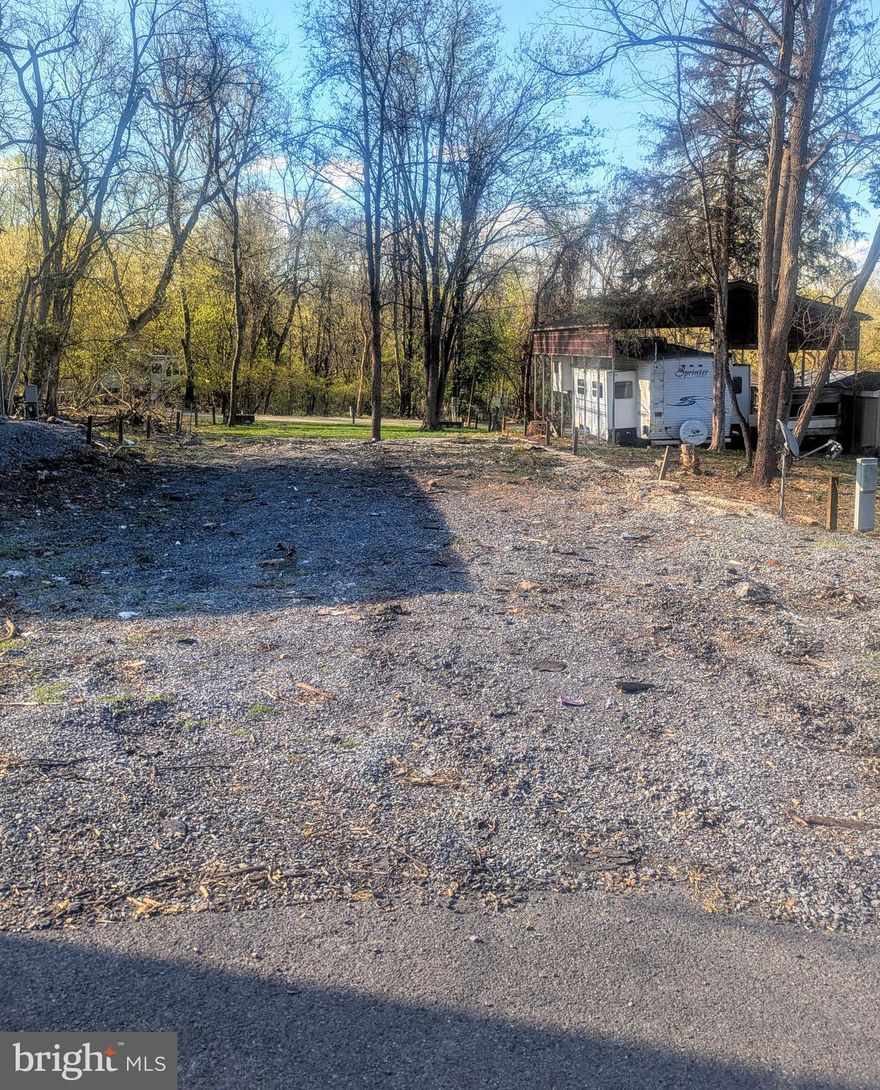 This is a gated community, so you need to enter at the guard shack. Entry is not permitted without ID per the office rules. Bring IDs to the office or guard shack for visitor pass. THIS IS A SEASONAL CAMPGROUND! OPEN FROM APRIL 1 TO NOVEMBER 1.  Large empty lot to bring your camper and make your own to enjoy time with your family & friends. River Bend is a privately owned 400 acre recreational- vehicle camp resort with seasonal activities for members, families and guests. Less than a 2-hour drive from the Washington and Baltimore metro area. Open with utilities from April 1 to November 1. Lot owners have access to their property the entire year. *** Members Enjoy *** * Amazing views and wildlife, Potomac River access, Trails, Swimming pools, Mini-Golf, Youth center, Tennis and basketball courts, laundry facilities, convenience store, deli and lounge. *Bath houses throughout the park, boat ramp, bar and grill and even a church located on the grounds. River Bend also hosts numerous activities such as 4th of July fireworks, small carnival, bonfires, poker runs, horseshoe tournaments, car show, Halloween Trick or Treat and so much more. The river is deep water for swimming, tubing and water skiing. CAN NOT LIVE HERE YEAR ROUND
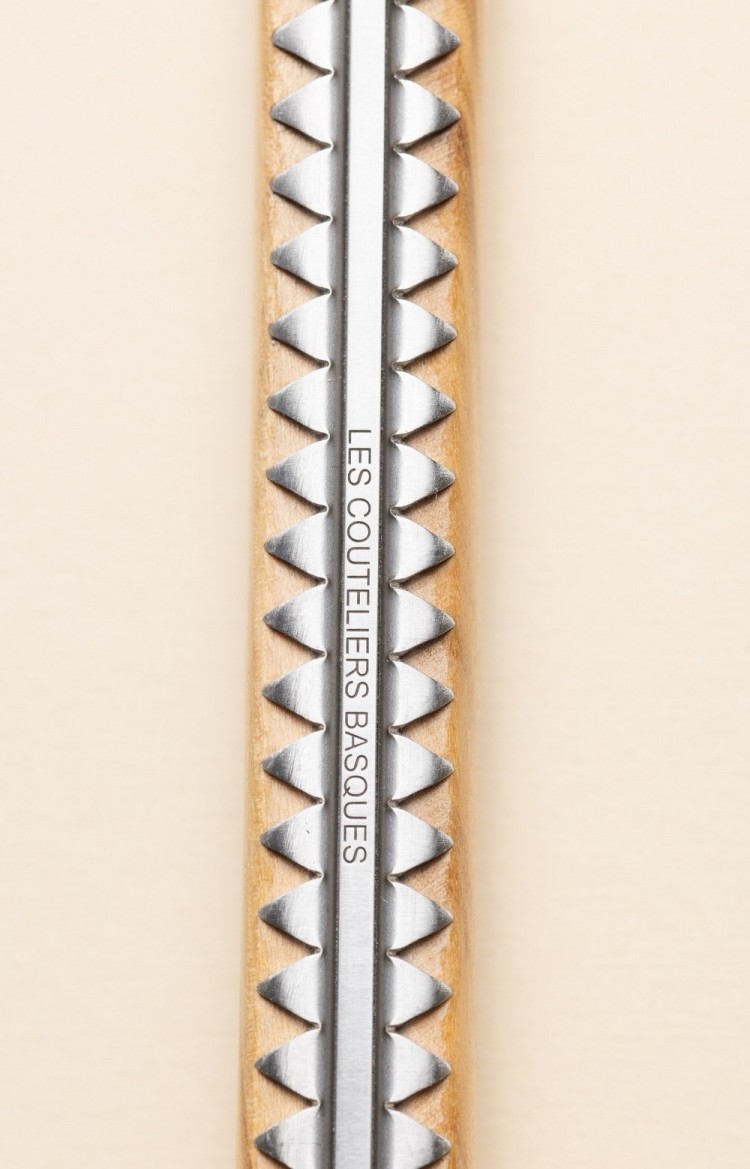 Photo rapprochée du dos de Artzaina, couteau de table en olivier, platines ciselées et arrondi du pommeau du makila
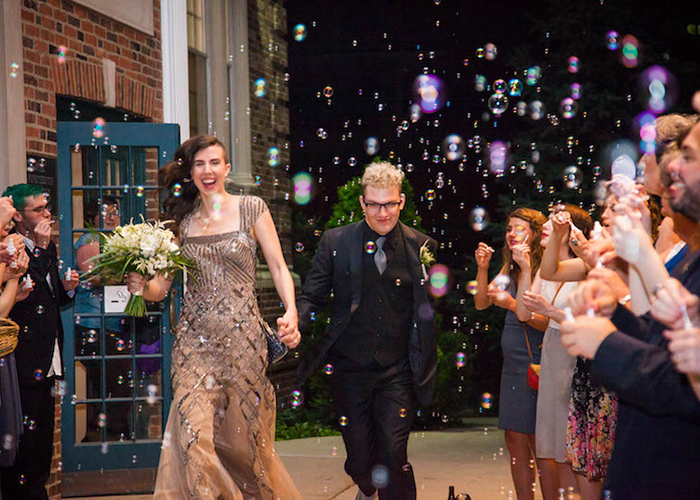newlywed couple surrounded by guests and bubble exit St. Louis Missour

● Exercise goal: The first line of the listing through the line with "Photo rapprochée du": repeat exactly that span and nothing more, skipping pictures.

● Exercise result:
 This is a gated community, so you need to enter at the guard shack. Entry is not permitted without ID per the office rules. Bring IDs to the office or guard shack for visitor pass. THIS IS A SEASONAL CAMPGROUND! OPEN FROM APRIL 1 TO NOVEMBER 1.  Large empty lot to bring your camper and make your own to enjoy time with your family & friends. River Bend is a privately owned 400 acre recreational- vehicle camp resort with seasonal activities for members, families and guests. Less than a 2-hour drive from the Washington and Baltimore metro area. Open with utilities from April 1 to November 1. Lot owners have access to their property the entire year. *** Members Enjoy *** * Amazing views and wildlife, Potomac River access, Trails, Swimming pools, Mini-Golf, Youth center, Tennis and basketball courts, laundry facilities, convenience store, deli and lounge. *Bath houses throughout the park, boat ramp, bar and grill and even a church located on the grounds. River Bend also hosts numerous activities such as 4th of July fireworks, small carnival, bonfires, poker runs, horseshoe tournaments, car show, Halloween Trick or Treat and so much more. The river is deep water for swimming, tubing and water skiing. CAN NOT LIVE HERE YEAR ROUND
 Photo rapprochée du dos de Artzaina, couteau de table en olivier, platines ciselées et arrondi du pommeau du makila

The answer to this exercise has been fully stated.